China's security bodies just handed Beijing a new procurement bible: nine homegrown AI chips cleared for government and state-owned enterprise use under the Anke framework. Huawei's Ascend 310 and 910, Alibaba's T-Head Zhenwu M530 and M890, plus offerings from Biren, Hygon, Iluvatar CoreX, MetaX, and Moore Threads all made the cut. Cambricon and Kunlunxin sat this round out despite prior nods.
The certifications, valid for three years and issued jointly by the China Information Technology Security Evaluation Centre and the National Secrecy Science and Technology Evaluation Centre, slot into the Xinchuang self-reliance push. They expand the trusted list beyond CPUs and databases into a fresh "AI training and inference chips" category. Domestic players already claimed 41% of China's AI GPU shipments last year with 1.65 million units delivered; Huawei alone moved roughly 812,000 Ascend chips and eyes $12 billion in processor revenue for 2026.
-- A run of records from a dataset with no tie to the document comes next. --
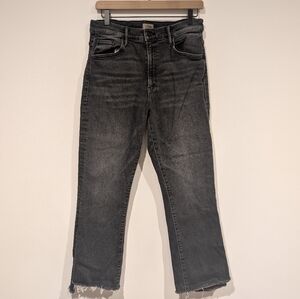 MOTHER | The Insider Crop Step Fray | Up in Smoke (Gray) | 31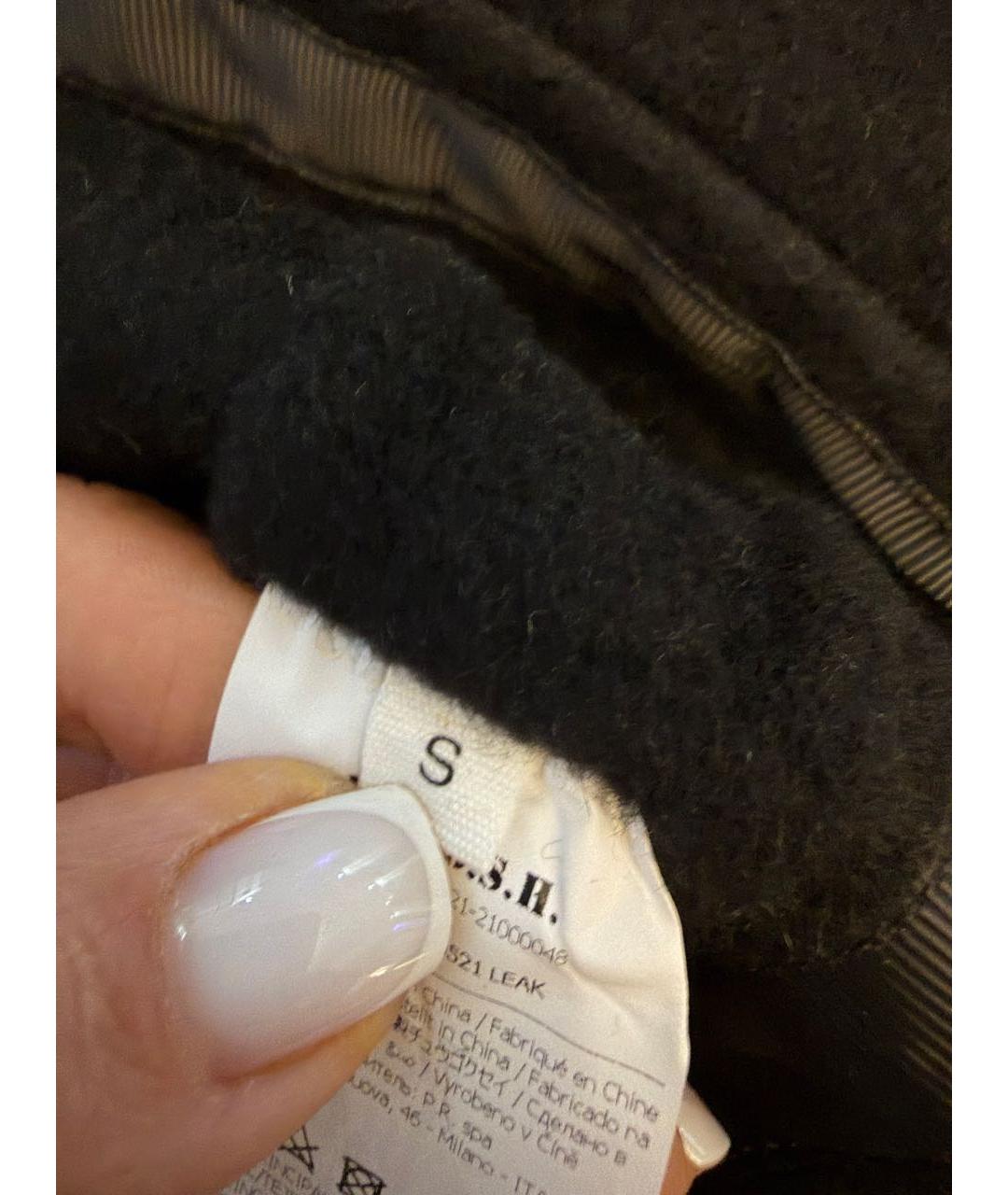 P.A.R.O.S.H. Черная шерстяная кепка, фото 3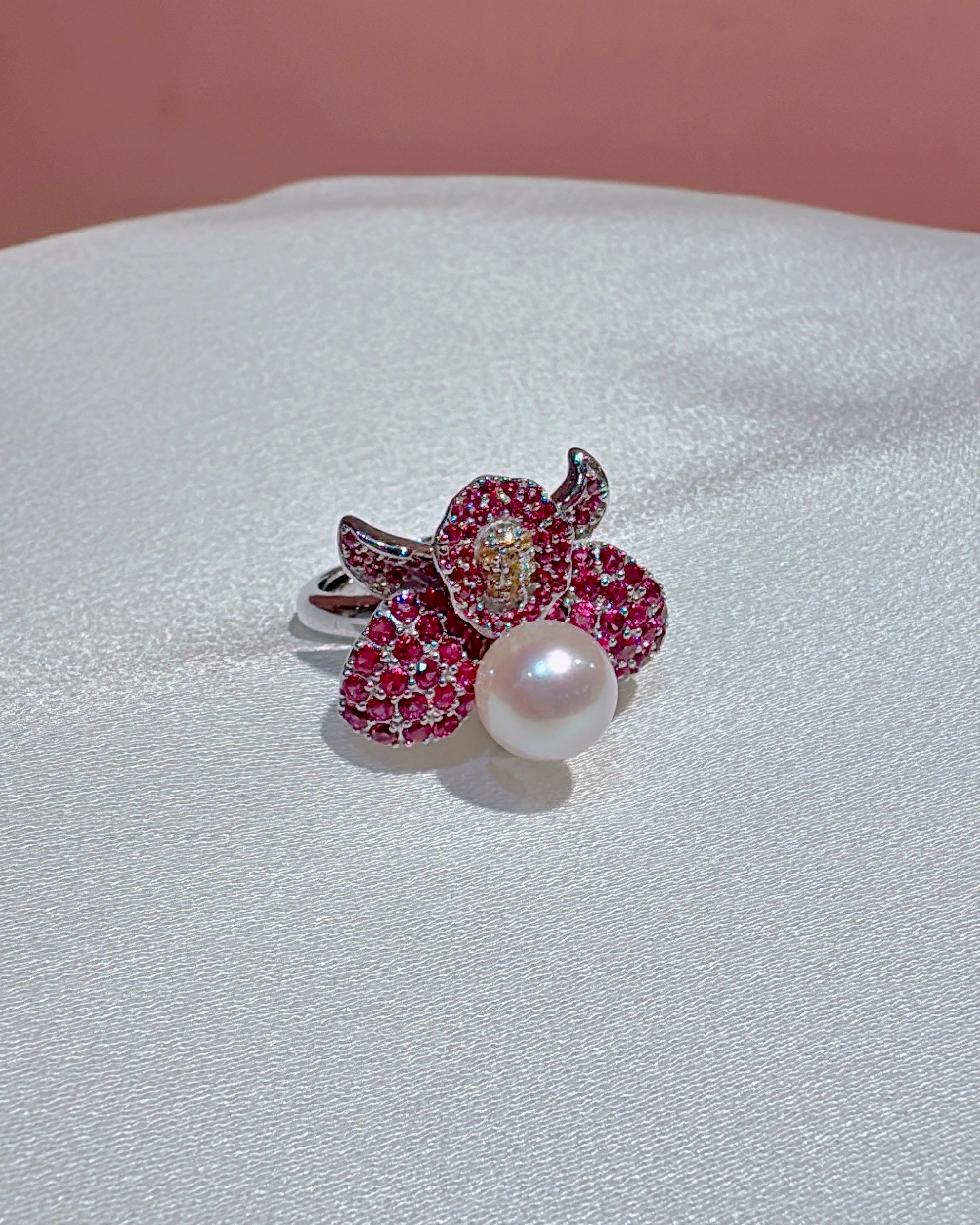 Rose d’Argent, 18k Gold-filled with 9mm Luxe Akoya [Made-to-order:4-8 weeks]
US export controls were supposed to starve the market. Instead they forced a parallel stack that now carries legal weight for state buyers. SMIC's fab constraints and N+2 node limits remain real bottlenecks, but the procurement catalog just locked in the direction. Nvidia's China foothold keeps shrinking while Beijing writes the rules for its own silicon future.
The memo reads like a quiet declaration: the dependency era is ending on paper first, then in every approved data center.